The German IT firm disclosed that not all Android smartphones are vulnerable to this vulnerability at the moment, but only those running on Android 8 and 9. ERNW has not tested the vulnerability of smartphones running on older Android operating systems, but they think the threat might also be possible for those devices. It is however certain that devices running Android 10 are exempted from the exploited.
Considering that Android 8 and 9 devices are vulnerable to this threat, smartphone users are advised to install the February 2020 security update on their smartphones or use running on Android 10. It is also sound advice to constantly update your phone’s operating system once the manufacturer releases a new security update.

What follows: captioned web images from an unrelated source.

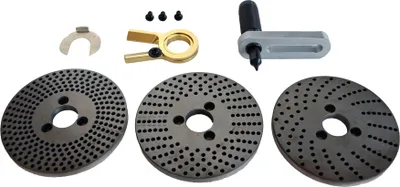 Produktbild von PAULIMOT Teilscheiben-Set für VERTEX-Teilapparate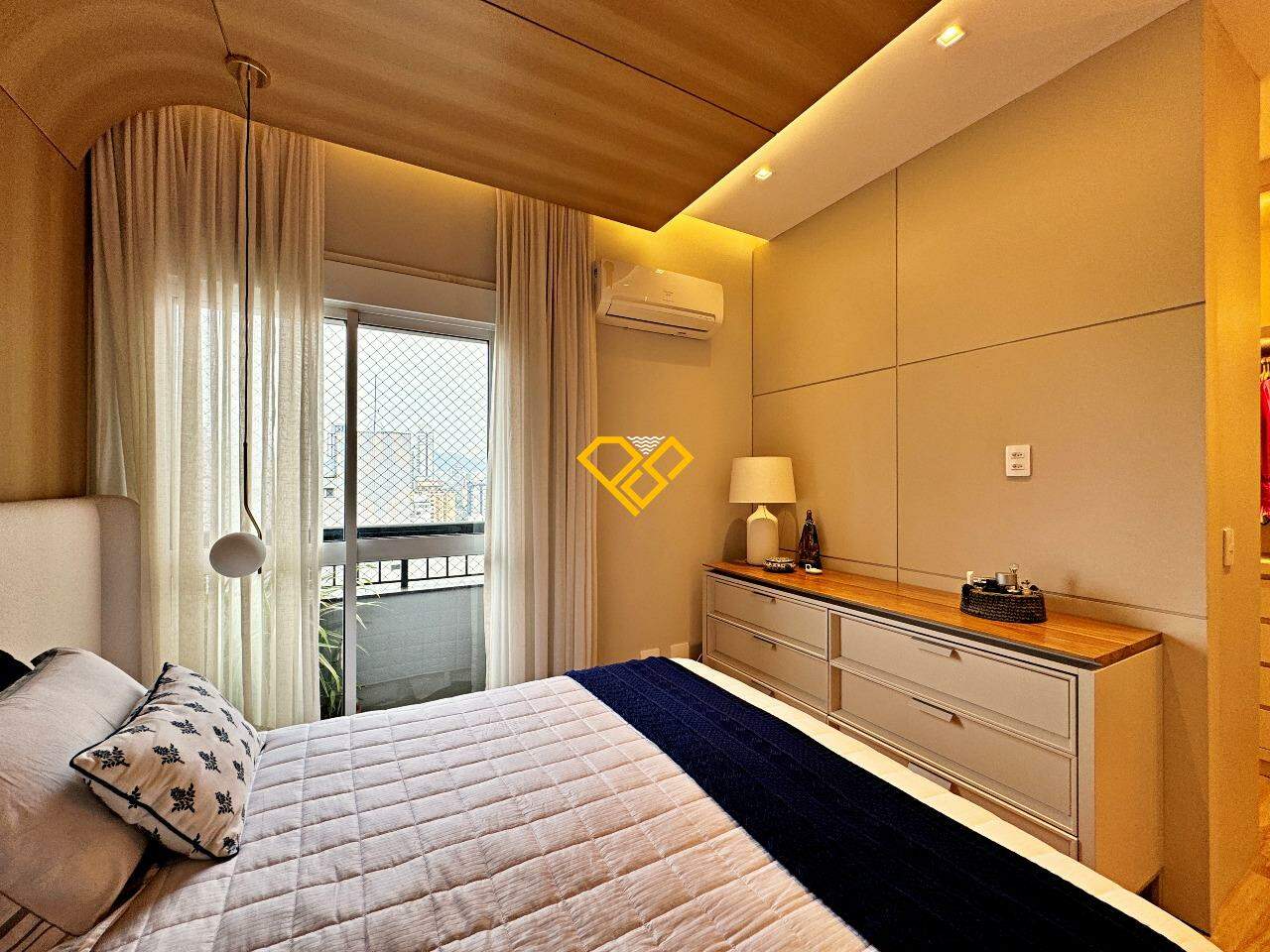 Apartamento à venda no Vila Rica: Suíte 1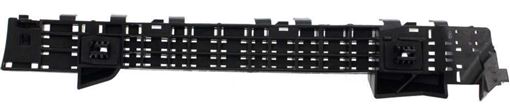 Honda Rear, Passenger Side Bumper Bracketmper Bracket-Plastic, Replacement REPH762719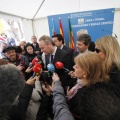 Castellón, acto inicio obras TRAM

“On Android 8.0 to 9.0, a remote attacker within proximity can silently execute arbitrary code with the privileges of the Bluetooth daemon as long as Bluetooth is enabled,” ERNW had revealed. “No user interaction is required and only the Bluetooth MAC address of the target devices has to be known. For some devices, the Bluetooth MAC address can be deduced from the WiFi MAC address. This vulnerability can lead to the theft of personal data and could potentially be used to spread malware (Short-Distance Worm).”
Given that hackers only need to know your MAC address to attack your smartphone or steal valuable information, you are advised to always switch on your Bluetooth for short periods of time and only for very important reasons. And then, all things being equal, finding anyone’s Bluetooth MAC address isn’t as simple as it sounds.